On 1/16/2020, Defendant Full Circle Real Estate Solutions, Inc. filed a Cross-Complaint (XC) against Terry and Teodora Herrera, alleging: (1) breach of contract; (2) promissory fraud; (3) unjust enrichment; (4) breach of implied covenant of good faith and fair dealing; (5) intentional interference with prospective economic relations; (6) negligent interference with prospective economic advantage; and (7) trespass.

 

            Now, Plaintiffs/Cross-Defendants move for nonsuit.

 

Legal Standard

A motion for nonsuit operates as a “demurrer” to a claimant’s evidence: it concedes the truth of the facts proved and contends that those facts are insufficient as a matter of law to sustain the plaintiff’s case. (Alpert v. Villa Romano Homeowners Ass’n. (2000) 81 Cal.App.4th 1320, 1328.) “The granting of a motion for nonsuit is warranted . . . when, and only when, disregarding conflicting evidence, and giving to plaintiff’s evidence all the value to which it is legally entitled, indulging in every legitimate inference which may be drawn from that evidence, the result is a determination that there is no evidence of sufficient substantiality to support a verdict in favor of the plaintiff.” (Raber v. Tumi (1951) 36 Cal.2d 654, 656 (citation omitted; internal quotation omitted).) But “the doctrine that a scintilla of evidence creates a sufficient evidentiary basis to reverse a judgment of nonsuit has been rejected.” (Alpert, 81 Cal.App.4th at p. 1327 (citation omitted)

 

Discussion

 

            Plaintiffs argue nonsuit should be granted as to Defendant’s Cross-Complaint.

 

            After review, the Court agrees and disagrees in part. 

 

            As for the first cause of action, Plaintiff argues that the first cause of action for breach of contract should be dismissed under the Home Solicitation Sales Act (HSSA) and the Home Improvement Act because the evidence indisputably established that: “(1) Elia made the written offer—he wrote up and presented the joint venture agreement at the Herreras’ home on their driveway on September 25, 2019 and spent two hours trying to get them to sign it there; (2) the next day, the Herreras went to FCRS’s offices to sign and have notarized documents and that the venture draft was essentially the same—no material differences—as the document that was signed on September 26; (3) the Herreras repeatedly notified FCRS of their cancellation of any agreement by phone, text, and email during the period September 27 through October 4, 2017 and (4) FCRA refused to accept cancellation.” (Motion, 4: 26- 5:6.)

 

            However, as noted by Defendant in opposition, it is not clear as a matter of law that the transaction here is covered by the HSSA. Defendant presented evidence that the Agreement was made in Full Circles Office, and thus was not made at “other than appropriate trade premises” and that the Plaintiff was introduced to Metrosun, not Defendant, because of the ad.
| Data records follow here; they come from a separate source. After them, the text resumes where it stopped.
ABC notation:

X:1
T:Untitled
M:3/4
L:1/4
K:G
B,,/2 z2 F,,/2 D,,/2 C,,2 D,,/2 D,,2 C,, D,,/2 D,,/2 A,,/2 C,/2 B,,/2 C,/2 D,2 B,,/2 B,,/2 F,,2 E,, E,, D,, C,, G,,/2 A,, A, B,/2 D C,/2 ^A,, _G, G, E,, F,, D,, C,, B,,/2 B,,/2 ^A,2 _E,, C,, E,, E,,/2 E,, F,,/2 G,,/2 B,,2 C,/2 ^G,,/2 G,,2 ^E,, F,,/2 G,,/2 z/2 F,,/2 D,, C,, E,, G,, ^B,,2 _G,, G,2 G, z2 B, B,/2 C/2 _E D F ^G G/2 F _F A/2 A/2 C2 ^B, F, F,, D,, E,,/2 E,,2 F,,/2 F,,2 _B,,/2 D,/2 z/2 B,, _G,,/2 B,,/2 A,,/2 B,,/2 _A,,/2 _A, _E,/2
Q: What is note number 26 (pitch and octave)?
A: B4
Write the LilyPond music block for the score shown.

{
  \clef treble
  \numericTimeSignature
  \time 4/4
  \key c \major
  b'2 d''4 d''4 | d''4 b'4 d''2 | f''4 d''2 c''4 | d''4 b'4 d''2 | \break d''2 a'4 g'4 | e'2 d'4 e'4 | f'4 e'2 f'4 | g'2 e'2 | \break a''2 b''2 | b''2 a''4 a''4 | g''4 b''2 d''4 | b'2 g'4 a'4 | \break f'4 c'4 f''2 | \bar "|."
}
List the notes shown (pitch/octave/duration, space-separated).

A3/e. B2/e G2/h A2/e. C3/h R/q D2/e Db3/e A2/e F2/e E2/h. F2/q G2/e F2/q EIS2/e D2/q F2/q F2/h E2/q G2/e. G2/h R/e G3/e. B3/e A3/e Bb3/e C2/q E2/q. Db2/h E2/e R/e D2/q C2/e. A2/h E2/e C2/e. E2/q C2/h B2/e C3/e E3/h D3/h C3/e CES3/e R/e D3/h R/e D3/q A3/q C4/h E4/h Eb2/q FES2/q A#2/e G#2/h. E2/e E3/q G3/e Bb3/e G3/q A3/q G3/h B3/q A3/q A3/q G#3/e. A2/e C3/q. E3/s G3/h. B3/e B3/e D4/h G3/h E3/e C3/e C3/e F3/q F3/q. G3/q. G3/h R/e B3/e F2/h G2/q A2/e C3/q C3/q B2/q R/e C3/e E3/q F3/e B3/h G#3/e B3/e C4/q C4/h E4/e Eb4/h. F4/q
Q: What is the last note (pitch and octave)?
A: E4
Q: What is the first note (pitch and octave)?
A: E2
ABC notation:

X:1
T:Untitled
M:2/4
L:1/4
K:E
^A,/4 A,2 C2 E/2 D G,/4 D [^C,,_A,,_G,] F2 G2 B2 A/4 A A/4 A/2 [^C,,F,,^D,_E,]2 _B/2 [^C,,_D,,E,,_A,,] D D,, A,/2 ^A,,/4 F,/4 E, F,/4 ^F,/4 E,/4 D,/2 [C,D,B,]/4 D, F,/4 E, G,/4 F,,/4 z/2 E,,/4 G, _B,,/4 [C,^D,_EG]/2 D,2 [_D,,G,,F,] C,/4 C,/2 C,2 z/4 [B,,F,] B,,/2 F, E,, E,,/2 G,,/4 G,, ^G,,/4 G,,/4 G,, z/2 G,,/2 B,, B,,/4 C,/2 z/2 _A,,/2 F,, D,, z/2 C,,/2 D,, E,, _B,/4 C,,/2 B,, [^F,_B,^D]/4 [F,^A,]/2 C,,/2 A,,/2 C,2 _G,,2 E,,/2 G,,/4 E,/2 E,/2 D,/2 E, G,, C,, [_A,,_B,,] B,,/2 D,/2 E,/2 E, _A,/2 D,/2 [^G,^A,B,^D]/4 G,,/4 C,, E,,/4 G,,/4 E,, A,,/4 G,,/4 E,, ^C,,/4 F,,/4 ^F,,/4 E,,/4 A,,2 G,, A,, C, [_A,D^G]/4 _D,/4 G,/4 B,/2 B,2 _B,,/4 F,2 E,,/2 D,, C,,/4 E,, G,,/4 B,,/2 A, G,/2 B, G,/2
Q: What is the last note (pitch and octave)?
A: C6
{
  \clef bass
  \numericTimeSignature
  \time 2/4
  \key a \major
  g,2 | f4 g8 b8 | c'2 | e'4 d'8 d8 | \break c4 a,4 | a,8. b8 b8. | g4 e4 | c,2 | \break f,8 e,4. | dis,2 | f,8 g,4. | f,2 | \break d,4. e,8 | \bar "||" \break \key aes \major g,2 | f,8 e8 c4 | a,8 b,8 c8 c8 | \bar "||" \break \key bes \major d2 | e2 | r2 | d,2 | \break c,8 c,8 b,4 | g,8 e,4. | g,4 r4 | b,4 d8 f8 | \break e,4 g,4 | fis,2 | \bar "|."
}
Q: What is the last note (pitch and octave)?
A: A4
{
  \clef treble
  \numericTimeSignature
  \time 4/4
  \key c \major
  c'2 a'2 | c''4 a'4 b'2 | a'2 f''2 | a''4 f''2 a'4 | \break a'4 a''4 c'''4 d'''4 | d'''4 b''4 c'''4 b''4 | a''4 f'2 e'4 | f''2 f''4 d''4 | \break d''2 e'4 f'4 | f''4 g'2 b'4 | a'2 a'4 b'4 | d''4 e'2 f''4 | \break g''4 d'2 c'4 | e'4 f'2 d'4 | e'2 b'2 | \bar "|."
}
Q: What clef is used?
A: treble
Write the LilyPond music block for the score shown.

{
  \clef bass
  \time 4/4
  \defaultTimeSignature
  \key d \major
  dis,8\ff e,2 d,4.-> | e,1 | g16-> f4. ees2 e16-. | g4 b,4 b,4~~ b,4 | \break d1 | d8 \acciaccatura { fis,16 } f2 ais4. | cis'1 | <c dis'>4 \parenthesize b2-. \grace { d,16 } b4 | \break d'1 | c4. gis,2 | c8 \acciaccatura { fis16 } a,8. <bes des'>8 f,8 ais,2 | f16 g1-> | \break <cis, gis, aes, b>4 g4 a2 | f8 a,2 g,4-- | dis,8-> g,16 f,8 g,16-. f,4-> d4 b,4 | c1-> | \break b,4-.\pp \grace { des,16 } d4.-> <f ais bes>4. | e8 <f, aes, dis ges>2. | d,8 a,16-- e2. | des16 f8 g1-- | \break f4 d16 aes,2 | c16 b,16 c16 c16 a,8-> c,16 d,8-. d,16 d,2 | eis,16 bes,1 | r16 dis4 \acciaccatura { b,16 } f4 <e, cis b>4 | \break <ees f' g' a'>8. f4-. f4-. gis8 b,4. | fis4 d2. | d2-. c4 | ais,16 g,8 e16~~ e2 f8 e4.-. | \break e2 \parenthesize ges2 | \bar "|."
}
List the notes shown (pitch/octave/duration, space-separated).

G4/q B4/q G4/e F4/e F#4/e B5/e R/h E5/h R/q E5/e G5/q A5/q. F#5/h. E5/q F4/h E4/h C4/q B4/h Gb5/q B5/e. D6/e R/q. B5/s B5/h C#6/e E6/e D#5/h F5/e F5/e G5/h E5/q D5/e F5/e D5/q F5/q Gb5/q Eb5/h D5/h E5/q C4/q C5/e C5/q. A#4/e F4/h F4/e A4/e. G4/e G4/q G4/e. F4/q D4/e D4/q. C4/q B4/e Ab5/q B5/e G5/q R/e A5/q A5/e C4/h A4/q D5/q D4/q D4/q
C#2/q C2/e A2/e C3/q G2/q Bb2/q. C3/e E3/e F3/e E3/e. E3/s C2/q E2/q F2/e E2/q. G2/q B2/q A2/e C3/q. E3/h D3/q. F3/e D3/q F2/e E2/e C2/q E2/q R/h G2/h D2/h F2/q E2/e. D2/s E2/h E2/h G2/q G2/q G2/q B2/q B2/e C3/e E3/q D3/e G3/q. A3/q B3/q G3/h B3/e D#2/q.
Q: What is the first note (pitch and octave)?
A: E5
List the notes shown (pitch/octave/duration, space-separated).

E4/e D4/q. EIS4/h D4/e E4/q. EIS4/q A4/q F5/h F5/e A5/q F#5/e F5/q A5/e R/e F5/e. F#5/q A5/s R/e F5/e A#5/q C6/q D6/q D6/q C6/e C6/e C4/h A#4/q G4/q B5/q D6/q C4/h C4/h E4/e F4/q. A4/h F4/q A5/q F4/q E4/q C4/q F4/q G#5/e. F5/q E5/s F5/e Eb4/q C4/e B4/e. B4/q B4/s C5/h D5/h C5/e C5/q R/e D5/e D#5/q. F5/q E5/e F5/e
Moreover, the ad was sent to a property owned by Plaintiffs, not their primary residence.  

 

            As for the Home Improvement Act (HIA), this act covers an agreement, whether oral or written, or contained in one or more documents, between a contractor and an owner, where the aggregate contract price exceeds $500.00. Here, Full Circle is not a contractor, and the work to be performed was to take place after the transfer of ownership. Moreover, the Joint Venture Agreement did not specify any contract price.

 

            As for the second cause of action, Plaintiffs argue that this claim should not go to the jury because Full Circle has not shown fraudulent intent or detrimental reliance.

 

As for fraudulent intent, Plaintiffs argues that: 

 

Elia was introduced to Mr. Herrera on September 24, 2019. Elia spoke with Mrs. Herrera and Mr. Herrera about the terms of a proposed joint venture (the document he presented to them) on September 25, 2019 in the evening at their home. Elia testified that he knew of no fraudulent statement made to him by either of the Herreras before “joint venture” document was signed.

 

For whatever reason, the Herreras decided within 24(-48) hours of signing the agreement that they wanted to cancel. They did not intend to cheat Elia. They had regrets about what they signed and decided they did not want to do business with Elia. There is no evidence that this was calculated or that the Herreras secretly intended when they signed the agreement to not perform the next morning. Mere non-performance of an agreement does not turn a case of breach of contract claim into one for fraud.

 

            (Motion, 6:6-15.)

 

            However, triable issues of material fact are implicit in this argument. While Plaintiffs dismiss as irrelevant their reason for canceling, the reason they decided to cancel is indicative of whether or not they actually intended to perform. Defendant presented evidence that Plaintiffs testified that they wanted to cancel because they were suspicious when they were not provided copies of the paperwork they signed, but this was contrary to evidence which showed they did leave with such copies. As such, there are inconsistencies in Plaintiffs’ explanation for cancelling the Agreement. Plaintiffs’ inconsistent explanations for why they decided to pull out of the Agreement, alongside the murkiness of the timeline following Plaintiffs’ signing, supports at the very least a legitimate inference that they did not intend to perform under the Agreement. Put simply, there are triable issues as to what Plaintiffs’ actual intentions were for cancellation. This, in turn, informs whether or not Plaintiffs merely did not perform under the contract, or whether there was a prior intention not to perform.  

 

            The Court also disagrees with Plaintiffs that Defendant has not shown detrimental reliance. Plaintiff contends that the only thing Full Circle did in reliance on the signing of the Agreement was simply record the grant deed which could have been undone without harm. However, Defendant has submitted evidence of numerous actions he took in reliance on the Agreement, including starting to procure financing to stave off the looming foreclosure and providing a personal guarantee for the loan.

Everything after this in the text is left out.